### Task statement
For the material below, reproduce exactly each line from the one that has "2025 lazy wind" through the one that has "my bf wanted", and no others; pictures stay out.

### Supplied records

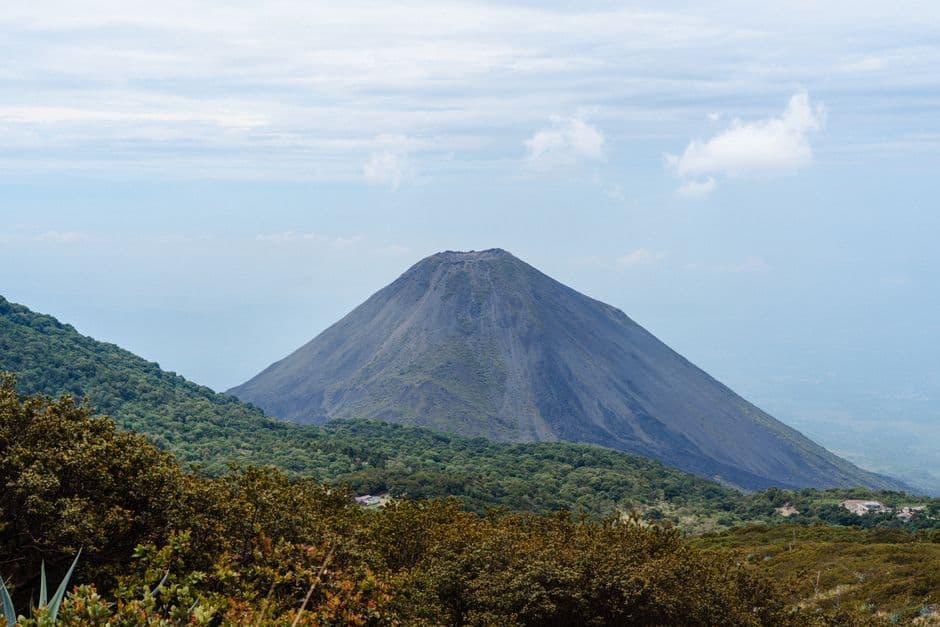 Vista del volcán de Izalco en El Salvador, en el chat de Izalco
--
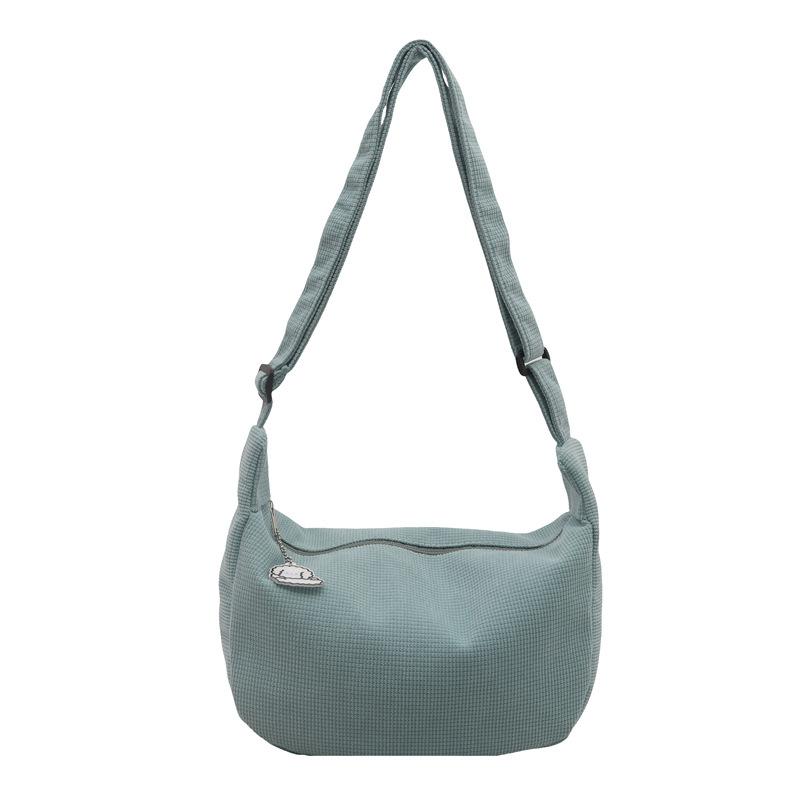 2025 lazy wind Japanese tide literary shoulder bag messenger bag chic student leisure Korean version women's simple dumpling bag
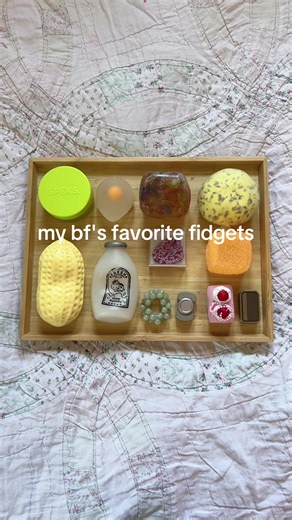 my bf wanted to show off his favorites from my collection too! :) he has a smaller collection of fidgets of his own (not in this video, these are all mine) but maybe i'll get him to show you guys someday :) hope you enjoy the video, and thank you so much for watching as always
---
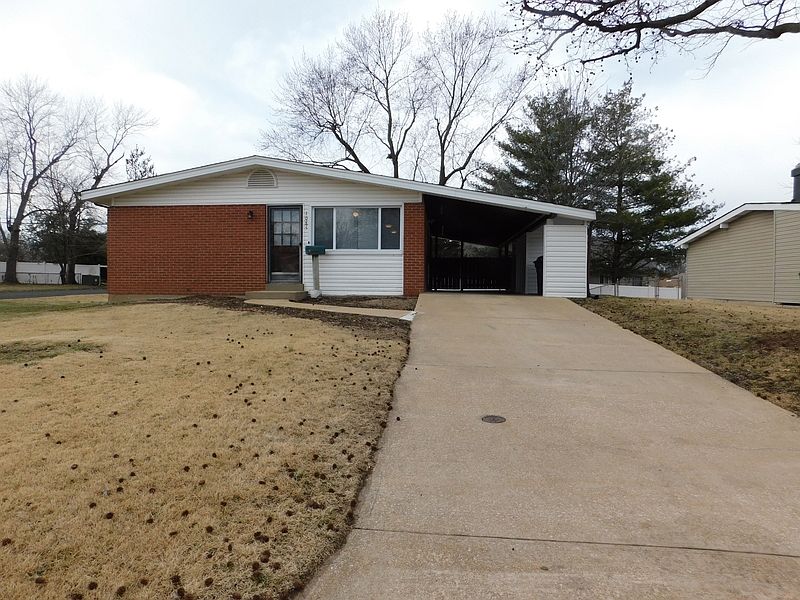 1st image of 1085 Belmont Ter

### Answer space
 2025 lazy wind Japanese tide literary shoulder bag messenger bag chic student leisure Korean version women's simple dumpling bag
 my bf wanted to show off his favorites from my collection too! :) he has a smaller collection of fidgets of his own (not in this video, these are all mine) but maybe i'll get him to show you guys someday :) hope you enjoy the video, and thank you so much for watching as always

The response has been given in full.